Work instruction |
Below is a listing; retype exactly the lines between the one containing "I want to draw" and the one containing "Hello guys, in", inclusive, minus the pictures.

Data extract |
========

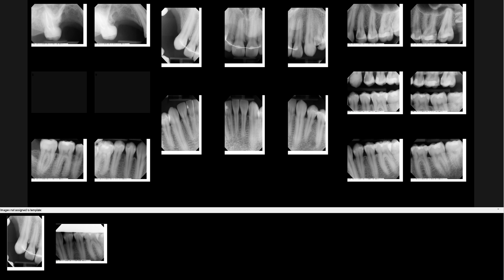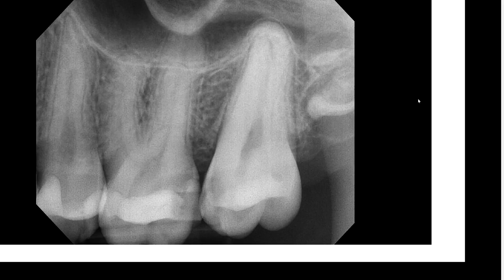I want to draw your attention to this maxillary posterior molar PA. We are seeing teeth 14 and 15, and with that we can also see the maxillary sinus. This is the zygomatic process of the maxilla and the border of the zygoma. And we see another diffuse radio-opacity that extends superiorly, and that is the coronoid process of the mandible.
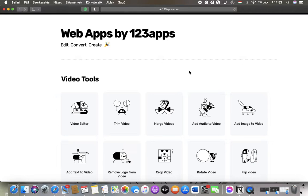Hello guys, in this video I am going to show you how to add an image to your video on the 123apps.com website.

========

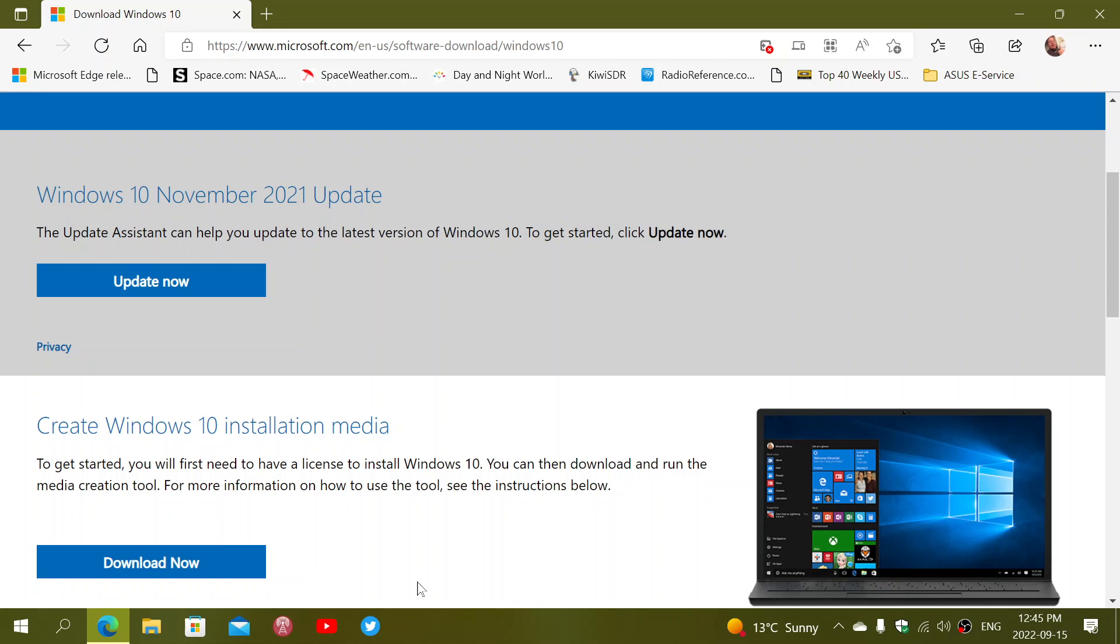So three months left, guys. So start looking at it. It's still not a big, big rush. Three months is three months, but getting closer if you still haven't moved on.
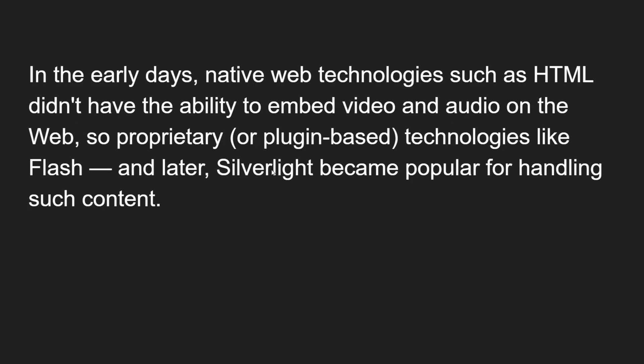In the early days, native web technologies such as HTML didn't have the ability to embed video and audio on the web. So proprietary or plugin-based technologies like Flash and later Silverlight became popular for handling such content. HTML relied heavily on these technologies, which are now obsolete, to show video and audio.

========

Task solution |
I want to draw your attention to this maxillary posterior molar PA. We are seeing teeth 14 and 15, and with that we can also see the maxillary sinus. This is the zygomatic process of the maxilla and the border of the zygoma. And we see another diffuse radio-opacity that extends superiorly, and that is the coronoid process of the mandible.
Hello guys, in this video I am going to show you how to add an image to your video on the 123apps.com website.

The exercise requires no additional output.